1stly, i got photograph final exam in this morning, it just took less than 1 hour to finish all 100 questions, which each question is provided only as much time as 5 seconds in the work. and i just got 76 score. i was crying because i remembered about my mom, she really wanna make me a graduation kebaya asap.
2ndly, i got a bad discussion about sacrifice in a relationship
3rdly, i got a bad idea about sending the file of the presentation
got an conversation naw, thanks bloggie :)

Selasa, 24 November 2009

i stalk some falling in love-ers

psychologist is my first thing that i wanna be from junior high and (maybe) until now. i got some life probs in my life before. its difficult to know which is right and wrong which is kind people or cruel ones and maybe some decision which will take some bad risks even though you had think many times to take that decision. im sure that my probs are difficult to solve yet many other people have more difficult probs from me. after i rewind some memory with my brother's help i had remember that i have some traumatic when im in childhood stage, my mind and my heart took a good enough decision to forget about my probs. and well, i dont remember any kind of memory that i had, just a little of it, and it needs 2 hours (maybe) to tell you everything about my childhood.

THESE things make me to be more independent to survive in very-bad-conditions but no in just-bad-condition and i dont know why.

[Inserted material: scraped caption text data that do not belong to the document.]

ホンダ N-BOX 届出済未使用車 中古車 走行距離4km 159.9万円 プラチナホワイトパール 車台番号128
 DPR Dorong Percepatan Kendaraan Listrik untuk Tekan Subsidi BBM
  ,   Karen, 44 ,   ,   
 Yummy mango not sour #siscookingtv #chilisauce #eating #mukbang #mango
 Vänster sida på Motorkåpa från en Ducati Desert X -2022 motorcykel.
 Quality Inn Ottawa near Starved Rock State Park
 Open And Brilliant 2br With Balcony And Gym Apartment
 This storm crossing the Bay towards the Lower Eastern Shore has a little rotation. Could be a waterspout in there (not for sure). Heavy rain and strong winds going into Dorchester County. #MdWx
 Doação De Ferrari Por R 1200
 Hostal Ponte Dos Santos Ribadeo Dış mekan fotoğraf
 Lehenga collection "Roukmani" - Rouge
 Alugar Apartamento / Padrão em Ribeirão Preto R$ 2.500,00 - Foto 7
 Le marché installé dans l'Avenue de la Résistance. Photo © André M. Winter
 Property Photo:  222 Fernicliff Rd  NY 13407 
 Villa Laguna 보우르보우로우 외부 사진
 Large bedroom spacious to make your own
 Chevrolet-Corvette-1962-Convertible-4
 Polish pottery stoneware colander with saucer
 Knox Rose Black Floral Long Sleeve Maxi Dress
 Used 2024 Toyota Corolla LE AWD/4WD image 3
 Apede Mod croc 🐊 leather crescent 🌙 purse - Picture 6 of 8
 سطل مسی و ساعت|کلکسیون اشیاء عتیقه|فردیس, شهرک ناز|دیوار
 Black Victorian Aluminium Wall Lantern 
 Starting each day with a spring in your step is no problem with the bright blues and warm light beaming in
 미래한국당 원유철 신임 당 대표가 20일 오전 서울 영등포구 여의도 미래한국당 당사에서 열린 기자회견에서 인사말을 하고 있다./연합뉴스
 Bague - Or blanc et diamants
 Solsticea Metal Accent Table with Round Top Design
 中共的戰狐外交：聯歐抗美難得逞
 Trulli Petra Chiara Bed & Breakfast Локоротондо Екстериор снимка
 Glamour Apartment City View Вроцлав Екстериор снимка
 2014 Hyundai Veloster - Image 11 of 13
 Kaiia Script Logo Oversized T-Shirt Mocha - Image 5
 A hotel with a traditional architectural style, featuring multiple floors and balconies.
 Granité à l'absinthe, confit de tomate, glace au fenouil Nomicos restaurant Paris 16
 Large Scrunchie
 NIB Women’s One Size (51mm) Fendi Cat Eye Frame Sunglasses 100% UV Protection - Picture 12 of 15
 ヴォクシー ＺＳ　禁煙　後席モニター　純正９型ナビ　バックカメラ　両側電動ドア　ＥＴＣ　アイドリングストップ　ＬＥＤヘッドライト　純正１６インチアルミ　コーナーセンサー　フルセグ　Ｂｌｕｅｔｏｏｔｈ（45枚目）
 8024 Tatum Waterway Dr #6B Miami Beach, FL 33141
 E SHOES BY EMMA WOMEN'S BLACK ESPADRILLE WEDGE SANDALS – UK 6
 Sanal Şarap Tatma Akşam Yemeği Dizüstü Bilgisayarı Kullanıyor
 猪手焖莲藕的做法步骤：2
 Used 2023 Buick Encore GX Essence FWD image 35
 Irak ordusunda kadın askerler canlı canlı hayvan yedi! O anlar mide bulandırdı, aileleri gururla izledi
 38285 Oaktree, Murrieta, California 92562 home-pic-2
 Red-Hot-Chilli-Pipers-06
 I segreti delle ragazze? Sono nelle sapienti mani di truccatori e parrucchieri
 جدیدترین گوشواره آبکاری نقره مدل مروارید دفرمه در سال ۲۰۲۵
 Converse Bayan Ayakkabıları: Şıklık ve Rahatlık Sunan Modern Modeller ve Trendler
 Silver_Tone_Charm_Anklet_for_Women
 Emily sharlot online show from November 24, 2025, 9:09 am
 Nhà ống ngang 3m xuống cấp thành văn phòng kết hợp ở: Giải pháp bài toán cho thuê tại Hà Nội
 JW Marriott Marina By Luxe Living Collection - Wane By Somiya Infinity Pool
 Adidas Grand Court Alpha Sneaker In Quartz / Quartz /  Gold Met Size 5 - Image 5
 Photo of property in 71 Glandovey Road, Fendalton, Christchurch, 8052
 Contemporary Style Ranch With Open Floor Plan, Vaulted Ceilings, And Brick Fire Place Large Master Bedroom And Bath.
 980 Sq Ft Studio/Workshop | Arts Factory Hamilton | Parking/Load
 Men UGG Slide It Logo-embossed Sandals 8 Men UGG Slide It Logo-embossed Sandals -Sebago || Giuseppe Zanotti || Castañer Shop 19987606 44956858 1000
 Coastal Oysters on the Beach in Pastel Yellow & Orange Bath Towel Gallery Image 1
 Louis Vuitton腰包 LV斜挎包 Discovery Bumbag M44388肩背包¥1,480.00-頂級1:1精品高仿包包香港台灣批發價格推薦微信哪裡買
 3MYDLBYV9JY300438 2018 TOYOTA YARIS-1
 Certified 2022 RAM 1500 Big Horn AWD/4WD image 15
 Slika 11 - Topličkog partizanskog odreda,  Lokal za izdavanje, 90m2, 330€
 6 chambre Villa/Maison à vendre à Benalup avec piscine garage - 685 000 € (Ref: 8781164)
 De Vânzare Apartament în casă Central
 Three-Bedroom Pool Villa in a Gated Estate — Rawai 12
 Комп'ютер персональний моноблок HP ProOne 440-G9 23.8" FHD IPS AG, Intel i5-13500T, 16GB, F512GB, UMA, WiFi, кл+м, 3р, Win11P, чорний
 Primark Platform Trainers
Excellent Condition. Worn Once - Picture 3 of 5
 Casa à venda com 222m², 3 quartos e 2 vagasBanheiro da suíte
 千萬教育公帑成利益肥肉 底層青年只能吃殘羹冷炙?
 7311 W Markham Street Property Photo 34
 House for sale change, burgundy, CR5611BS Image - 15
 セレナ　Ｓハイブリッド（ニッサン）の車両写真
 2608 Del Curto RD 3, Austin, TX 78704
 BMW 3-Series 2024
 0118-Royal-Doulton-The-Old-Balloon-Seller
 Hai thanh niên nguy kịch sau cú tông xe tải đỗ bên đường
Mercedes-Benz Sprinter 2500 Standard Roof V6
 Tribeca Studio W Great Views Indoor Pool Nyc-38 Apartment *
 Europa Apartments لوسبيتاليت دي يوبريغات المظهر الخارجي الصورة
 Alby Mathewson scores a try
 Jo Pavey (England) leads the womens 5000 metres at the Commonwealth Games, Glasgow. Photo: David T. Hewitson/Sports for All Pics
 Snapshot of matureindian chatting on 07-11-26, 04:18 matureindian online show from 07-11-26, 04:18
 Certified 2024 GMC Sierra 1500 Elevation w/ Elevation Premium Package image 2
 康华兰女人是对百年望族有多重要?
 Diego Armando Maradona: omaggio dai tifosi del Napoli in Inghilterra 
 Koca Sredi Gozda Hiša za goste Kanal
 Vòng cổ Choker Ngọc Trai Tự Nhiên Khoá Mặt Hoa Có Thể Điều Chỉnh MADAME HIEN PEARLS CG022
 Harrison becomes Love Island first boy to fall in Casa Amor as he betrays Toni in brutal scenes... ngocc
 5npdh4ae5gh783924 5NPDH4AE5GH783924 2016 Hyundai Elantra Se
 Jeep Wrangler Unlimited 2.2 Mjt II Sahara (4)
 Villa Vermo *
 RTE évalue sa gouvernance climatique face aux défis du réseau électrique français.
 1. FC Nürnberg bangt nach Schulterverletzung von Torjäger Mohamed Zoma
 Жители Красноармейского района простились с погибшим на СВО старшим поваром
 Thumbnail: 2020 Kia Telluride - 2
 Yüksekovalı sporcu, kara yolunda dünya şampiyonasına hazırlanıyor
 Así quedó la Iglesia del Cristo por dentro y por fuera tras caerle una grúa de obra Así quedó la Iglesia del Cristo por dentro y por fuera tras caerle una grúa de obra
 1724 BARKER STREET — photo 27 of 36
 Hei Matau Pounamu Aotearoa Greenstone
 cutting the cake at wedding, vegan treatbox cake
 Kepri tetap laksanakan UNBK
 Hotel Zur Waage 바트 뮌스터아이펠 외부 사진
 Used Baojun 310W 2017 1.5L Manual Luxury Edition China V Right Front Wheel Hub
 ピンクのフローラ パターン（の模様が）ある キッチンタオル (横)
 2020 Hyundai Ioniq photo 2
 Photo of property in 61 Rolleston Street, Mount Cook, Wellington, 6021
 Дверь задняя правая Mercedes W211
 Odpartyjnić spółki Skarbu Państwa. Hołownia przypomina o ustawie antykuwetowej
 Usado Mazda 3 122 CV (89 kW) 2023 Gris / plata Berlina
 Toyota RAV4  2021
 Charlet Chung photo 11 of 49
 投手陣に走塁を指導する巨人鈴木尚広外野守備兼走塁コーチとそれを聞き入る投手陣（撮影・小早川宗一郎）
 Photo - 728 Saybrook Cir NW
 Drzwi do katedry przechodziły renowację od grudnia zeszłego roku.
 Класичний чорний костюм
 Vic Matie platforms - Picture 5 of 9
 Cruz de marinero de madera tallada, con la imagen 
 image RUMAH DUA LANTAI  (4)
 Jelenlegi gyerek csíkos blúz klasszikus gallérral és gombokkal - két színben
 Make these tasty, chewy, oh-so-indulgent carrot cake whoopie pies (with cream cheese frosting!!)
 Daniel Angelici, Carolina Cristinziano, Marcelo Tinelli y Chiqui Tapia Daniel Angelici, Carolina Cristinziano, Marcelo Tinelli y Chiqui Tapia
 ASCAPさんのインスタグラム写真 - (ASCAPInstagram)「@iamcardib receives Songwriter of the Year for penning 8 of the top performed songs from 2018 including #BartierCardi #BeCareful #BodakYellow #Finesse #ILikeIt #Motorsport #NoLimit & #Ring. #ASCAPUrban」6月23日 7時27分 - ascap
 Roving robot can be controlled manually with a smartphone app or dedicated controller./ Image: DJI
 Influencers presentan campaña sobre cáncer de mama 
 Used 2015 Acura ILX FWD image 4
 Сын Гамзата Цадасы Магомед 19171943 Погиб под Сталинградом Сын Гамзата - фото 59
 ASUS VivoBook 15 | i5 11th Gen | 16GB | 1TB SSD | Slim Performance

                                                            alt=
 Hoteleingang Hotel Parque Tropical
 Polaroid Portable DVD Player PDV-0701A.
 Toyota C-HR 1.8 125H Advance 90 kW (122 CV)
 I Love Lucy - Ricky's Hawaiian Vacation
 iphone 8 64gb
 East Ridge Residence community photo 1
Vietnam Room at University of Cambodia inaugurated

OLDER means MORE WEAK. so, psychologist is a best dream to have, i wanna be a teen-probs-specialist because i wanna help all of the teens who got worse probs from me. and i heart all of love that people have in they heart. psychologist-wanna-be makes me interested in taking a notice in teenagers's probs, include love. i did some stalk to my friend's love, everybody's love, include my little-story about love (yea, to be honest, i have never been in a relationship yet-and i always tell everyone: almost). some of my friends call me as a love-doctor (one of my friends is took a facebook quiz which asked "if she was a doctor, what would their speciality be?" and she answered "love-doctor hihihhiy" mmkay -__- and i gave a comment "but, i dont have any boyfriend" and one of my other best friend wrote "dont tell anything in your wall, its haram (you know, some foods and drinks that moslem doesnt)" and i replied "sucks :(" why she call me as a master? yea, its because my ability which love to see others. probs, love, nature etc.

SO
, i think to share about this to you, some characteristic that show people falling in love and some tips to face falling in love-er:
  1. they love smile
  2. they love a romantic songs
  3. if they tell you something, it will be true, and actually they need your support
  4. their mood change every 5 mins or every they open the message in their cellphone
  5. they do something unusual
  6. they love to tell you something about what happened in their life or day
  7. some shy to show and some being more aggressive, for a girl-you have to help to hold their craziness
  8. listen them
  9. some need others to help them but they want us to guess
  10. some need others and act that they doesnt need others and all you have to do is just support
  11. some doesnt need others because they have a true love or they just crush but they dont think to have a special relationship with their partner, all you have to do is watch them its fun because they think that we dont know but actually we all know
  12. dont mock them because it can make they'll remove their feelings, they think all the time and love doesnt need to think about
  13. let it flow, you dont need to think about the theory because all the things that youre needed is ability and heart to know them

good luck to being another master because world need many masters to save from violence and wars lol

Kamis, 12 November 2009

being an artist

you know, infotainment always intervene artist's lifestyle, love life and everything about her or him. many people ask, "is it good being a headline?" and some just enjoy the show. i'm a freshman here have two (maybe) best friends here, yeaa those Wi and Pe. we're so close until my friends feel jealous with us. in fact that they dont know about my feelings watch them with many friends beside. okay, this is my choice being introvert which has extrovert inside. Pe and i have different gender, im a girl and he is a boy. Wi is a girl but she has engaged with, i called him oh man! lol. the point is i know Pe as well because we're care each other, we spent our time, we talked and many more time spent with these friends. but, because im a single and so Pe is, our friend made a crack with me, am i back to 3rd grade on elementary school? oh my, gender is still being problem, huh? whatever..
until i made this entry because there was funny thing happened to me.
i was wrote something about my senior high school, i miss it.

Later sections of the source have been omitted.